There are a small number of similar sheets that almost certainly came from the same study-book as the present examples which have appeared at auction in the past fifty years: all of these sheets are of the same dimensions, with a strictly regimented arrangement of each object and always in black chalk only. Examples include two further pairs of sheets sold in the same sale as ours at Christie's in 1994 (Lots 312 and 314).
For an artist who is so inextricably associated with Rome, it perhaps comes as a surprise to discover that Robert spent just eleven years in the city; however, during that period, he was to compile enough drawings of what he saw and imagined, and sometimes a combination of the two, to last him a lifetime of inspiration. Hubert Robert arrived in Rome at the end of November 1754 to study at the French academy, where he was to be a pensionnaire. This time as a student came to an end in October 1762, but Robert's commissions and support from his friends enabled him to remain in Rome for a further three years. Whilst studying and working in Rome, Robert came to befriend his contemporary Charles-Joseph Natoire, alongside whom he would often work and with whom he occasionally collaborated, as well as the older Italian artists Gian Paolo Panini and Giovanni Battista Piranesi, with all three providing much in the way of inspiration and influence on the budding artist.

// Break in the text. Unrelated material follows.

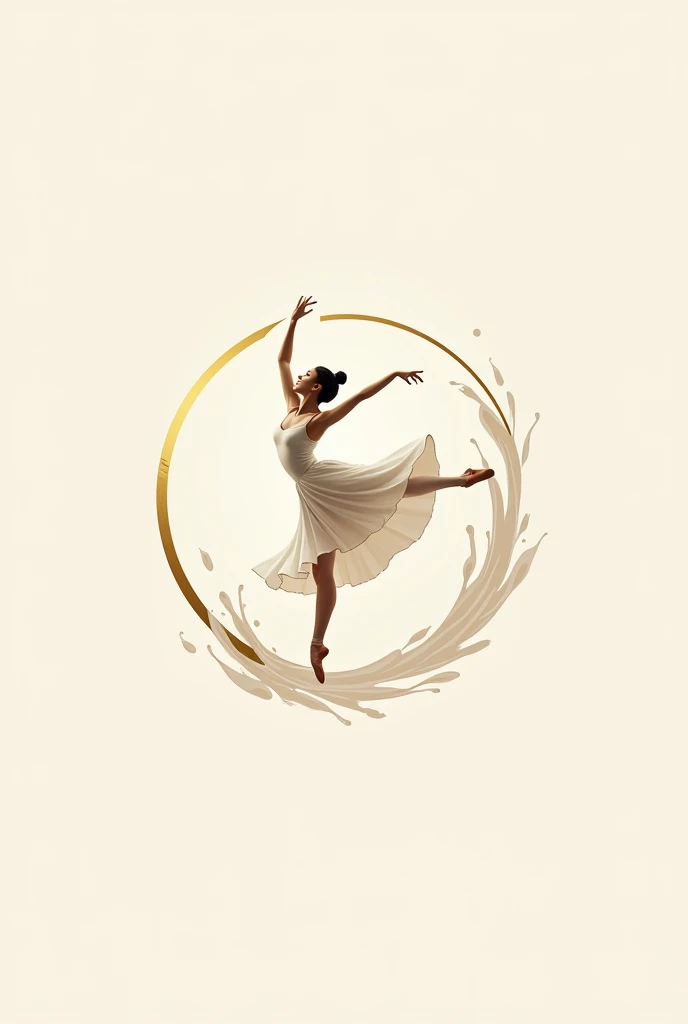 Generate a logo of a ballerina in a long white dress, her one leg  must be in the air in 90 degrees and arm must be in the air, like she is dancing. The colors must be light beige and gold. The dress must look like water splash. The logo must be in a round...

The decade or so he spent in Rome was to be one of the most important times of Robert's life, and his prolific output of drawings attests to his eagerness to absorb as much as he could, to hone what would become a more consistent and established style of his own, and to let his imagination run free in pen, ink, wash and chalk. Much of his body of work from the Roman years no longer survives, and so those sheets that do are both valuable resources for understanding the young Robert as much as they are important historical artefacts and records.